Effect of Interferon-tau Administration on Endometrium of Non-Pregnant Ewes: a Comparison with Pregnant Ewes

Yizhen Chen, Jonathan A. Green, Eric Antoniou, Alan D. Ealy, Nagappan Mathialagan, Angela M. Walker, Mary P. Avalle, Cheryl S. Rosenfeld, Leonard B. Hearne, and R. Michael Roberts*

Department of Animal Sciences, University of Missouri, Columbia, MO 65211; Department of Animal Sciences, University of Florida, Gainesville, FL 32611; Department of Biochemistry, University of Missouri, Columbia, MO 65211; Monsanto Company, 800 North Lindbergh Blvd, St. Louis, MO 63167; Atwater-Merced Veterinary Clinics, Merced, CA 95348; Biomedical Sciences, University of Missouri, Columbia, MO 65211; Department of Statistics, University of Missouri, Columbia, MO 65211

* To whom correspondence should be addressed. E-mail: robertsrm{at}missouri.edu.

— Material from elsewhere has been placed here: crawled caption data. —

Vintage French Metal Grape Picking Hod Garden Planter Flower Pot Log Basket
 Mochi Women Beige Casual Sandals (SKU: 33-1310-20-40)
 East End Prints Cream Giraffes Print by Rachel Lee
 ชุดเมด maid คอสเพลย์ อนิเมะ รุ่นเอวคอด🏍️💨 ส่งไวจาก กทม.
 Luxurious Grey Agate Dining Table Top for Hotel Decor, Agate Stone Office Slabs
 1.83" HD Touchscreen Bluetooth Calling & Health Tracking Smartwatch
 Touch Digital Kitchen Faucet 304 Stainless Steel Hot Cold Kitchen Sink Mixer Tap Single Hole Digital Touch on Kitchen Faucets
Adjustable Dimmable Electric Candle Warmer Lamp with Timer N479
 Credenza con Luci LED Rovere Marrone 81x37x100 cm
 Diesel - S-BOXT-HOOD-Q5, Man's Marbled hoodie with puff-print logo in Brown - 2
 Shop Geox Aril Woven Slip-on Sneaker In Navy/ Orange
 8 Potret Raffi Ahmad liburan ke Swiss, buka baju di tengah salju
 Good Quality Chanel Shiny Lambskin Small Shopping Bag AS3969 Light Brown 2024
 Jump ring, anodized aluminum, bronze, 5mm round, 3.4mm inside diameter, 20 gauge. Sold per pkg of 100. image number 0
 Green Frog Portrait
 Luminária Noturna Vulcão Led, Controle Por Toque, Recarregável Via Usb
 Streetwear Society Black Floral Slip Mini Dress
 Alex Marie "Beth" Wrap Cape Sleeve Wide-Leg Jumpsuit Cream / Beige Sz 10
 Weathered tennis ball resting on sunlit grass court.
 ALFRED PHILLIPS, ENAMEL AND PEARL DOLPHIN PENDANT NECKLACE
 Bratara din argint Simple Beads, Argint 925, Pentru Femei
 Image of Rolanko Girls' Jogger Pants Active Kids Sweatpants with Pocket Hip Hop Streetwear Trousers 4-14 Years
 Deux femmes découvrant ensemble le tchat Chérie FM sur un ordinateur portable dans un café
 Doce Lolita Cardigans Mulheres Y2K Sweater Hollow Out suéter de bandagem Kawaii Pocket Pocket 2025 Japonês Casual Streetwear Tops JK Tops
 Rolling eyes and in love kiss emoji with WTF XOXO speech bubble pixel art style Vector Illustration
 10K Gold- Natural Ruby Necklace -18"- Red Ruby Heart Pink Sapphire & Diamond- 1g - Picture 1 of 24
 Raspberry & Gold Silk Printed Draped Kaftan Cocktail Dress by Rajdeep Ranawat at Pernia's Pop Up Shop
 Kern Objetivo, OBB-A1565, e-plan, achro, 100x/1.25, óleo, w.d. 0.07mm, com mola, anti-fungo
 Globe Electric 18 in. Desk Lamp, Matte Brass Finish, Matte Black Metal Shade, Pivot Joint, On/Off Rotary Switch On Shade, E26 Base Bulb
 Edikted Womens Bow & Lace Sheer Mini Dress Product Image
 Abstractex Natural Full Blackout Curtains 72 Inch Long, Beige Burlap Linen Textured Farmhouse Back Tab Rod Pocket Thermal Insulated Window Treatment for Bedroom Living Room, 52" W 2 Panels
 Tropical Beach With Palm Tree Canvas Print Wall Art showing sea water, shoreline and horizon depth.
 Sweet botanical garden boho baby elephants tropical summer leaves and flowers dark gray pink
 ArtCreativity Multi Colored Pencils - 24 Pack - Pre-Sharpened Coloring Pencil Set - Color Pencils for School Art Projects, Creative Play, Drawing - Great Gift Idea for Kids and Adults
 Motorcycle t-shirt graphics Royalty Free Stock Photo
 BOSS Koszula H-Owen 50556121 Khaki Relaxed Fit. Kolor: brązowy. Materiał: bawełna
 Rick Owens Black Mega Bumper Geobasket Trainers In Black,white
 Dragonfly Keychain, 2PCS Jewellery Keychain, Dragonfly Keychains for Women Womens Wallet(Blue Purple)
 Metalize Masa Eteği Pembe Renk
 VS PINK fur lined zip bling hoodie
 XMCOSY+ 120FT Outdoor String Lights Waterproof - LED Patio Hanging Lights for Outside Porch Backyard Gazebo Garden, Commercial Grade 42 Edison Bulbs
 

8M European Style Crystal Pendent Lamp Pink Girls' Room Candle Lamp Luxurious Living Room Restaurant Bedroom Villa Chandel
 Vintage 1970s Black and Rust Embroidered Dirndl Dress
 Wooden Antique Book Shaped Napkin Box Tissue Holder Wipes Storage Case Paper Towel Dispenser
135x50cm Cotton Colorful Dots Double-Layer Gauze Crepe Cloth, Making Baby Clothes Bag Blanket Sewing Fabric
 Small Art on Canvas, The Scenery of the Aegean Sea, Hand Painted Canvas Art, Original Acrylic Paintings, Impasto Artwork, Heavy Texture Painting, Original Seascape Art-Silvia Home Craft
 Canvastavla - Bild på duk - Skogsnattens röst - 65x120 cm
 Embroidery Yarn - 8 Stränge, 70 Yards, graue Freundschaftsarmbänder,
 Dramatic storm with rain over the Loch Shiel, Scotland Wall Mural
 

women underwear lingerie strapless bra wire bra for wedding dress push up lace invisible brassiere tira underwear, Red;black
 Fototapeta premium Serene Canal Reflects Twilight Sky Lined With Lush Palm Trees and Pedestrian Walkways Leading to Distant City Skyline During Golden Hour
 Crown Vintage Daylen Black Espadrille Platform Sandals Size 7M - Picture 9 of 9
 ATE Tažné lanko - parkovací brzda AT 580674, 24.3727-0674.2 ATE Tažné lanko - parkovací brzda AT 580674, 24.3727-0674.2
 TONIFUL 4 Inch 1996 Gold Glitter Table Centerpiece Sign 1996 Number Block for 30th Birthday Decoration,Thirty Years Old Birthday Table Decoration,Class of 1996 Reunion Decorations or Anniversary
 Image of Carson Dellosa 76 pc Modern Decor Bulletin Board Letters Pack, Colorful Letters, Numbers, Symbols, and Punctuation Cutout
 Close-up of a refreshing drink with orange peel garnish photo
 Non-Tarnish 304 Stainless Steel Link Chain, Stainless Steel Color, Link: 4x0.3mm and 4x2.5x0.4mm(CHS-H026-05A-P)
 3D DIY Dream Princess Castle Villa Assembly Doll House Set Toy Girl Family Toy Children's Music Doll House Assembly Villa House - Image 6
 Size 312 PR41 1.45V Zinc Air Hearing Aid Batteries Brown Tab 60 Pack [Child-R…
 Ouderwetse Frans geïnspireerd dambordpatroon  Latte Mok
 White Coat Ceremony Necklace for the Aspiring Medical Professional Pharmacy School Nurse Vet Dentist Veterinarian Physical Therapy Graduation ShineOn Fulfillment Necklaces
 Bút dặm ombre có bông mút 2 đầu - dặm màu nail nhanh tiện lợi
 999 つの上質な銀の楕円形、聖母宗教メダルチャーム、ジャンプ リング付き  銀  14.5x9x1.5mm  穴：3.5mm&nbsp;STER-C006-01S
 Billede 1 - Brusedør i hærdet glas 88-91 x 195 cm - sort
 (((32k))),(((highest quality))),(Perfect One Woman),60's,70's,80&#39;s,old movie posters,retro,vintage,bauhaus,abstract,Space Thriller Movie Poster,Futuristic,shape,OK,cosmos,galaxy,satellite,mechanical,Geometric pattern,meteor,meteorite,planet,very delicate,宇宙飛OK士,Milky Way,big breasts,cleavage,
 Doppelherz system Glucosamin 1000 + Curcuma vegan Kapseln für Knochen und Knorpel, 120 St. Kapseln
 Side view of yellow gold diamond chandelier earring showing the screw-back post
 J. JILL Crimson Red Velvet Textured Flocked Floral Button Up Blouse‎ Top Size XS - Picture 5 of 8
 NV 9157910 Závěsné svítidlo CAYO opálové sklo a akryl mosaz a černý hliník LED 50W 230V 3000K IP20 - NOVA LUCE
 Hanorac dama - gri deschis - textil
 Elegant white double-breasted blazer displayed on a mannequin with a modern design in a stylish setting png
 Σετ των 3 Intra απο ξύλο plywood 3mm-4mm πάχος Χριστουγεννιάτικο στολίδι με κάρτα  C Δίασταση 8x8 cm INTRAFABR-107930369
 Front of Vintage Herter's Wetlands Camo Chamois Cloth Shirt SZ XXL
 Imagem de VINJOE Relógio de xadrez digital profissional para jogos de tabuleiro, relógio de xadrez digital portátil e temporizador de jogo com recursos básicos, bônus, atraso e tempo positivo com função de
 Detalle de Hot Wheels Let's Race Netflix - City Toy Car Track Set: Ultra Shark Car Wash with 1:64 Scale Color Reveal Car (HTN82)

In ruminants, conceptus interferon-{tau} (IFNT) alters maternal physiology to accommodate a pregnancy. We hypothesized that the effectiveness of IFNT on extending CL lifespan in non-pregnant ewes would depend upon the dose and manner of administration and be correlated with the response in gene expression in endometrium. We anticipated that IFNT, whether administered IM or by uterine infusion, would mimic changes observed in pregnancy. Ewes were assigned to five treatments: 1) uterine infusion of saline; 2) uterine infusion of ovine IFNT4 (200 µg/day); 3) saline IM injection; 4) IM injection of IFNT4 at low (200 µg/day) and 5) high dose (2 mg/day). CL lifespan was increased in groups 2 and 5, but not in 1, 3, and 4. Endometrial RNA extracted from groups 1-5 on day 14 and from day 14 pregnant and non-bred (cyclic) ewes was used to assess expression of 70 genes on microarrays. When pregnant and cyclic ewes were compared, 30 genes were up-regulated and 9 down-regulated during pregnancy. Responses were slightly less in Group 2 and Group 5 but were much lower in Group 4. The majority of the highly up-regulated genes were associated with antiviral responses. Those down-regulated included ones for IGF-2, hypoxia-inducible factor 1{alpha}, oxytocin receptor, prostaglandin F synthase, and COX-2. Quantitative PCR for selected genes confirmed these data and revealed that similar gene expression changes occurred in the CL of pregnant and Group 2 ewes. IFNT treatment mimics pregnancy, but relatively high doses of IM-injected IFNT are required to elicit a full endometrial response.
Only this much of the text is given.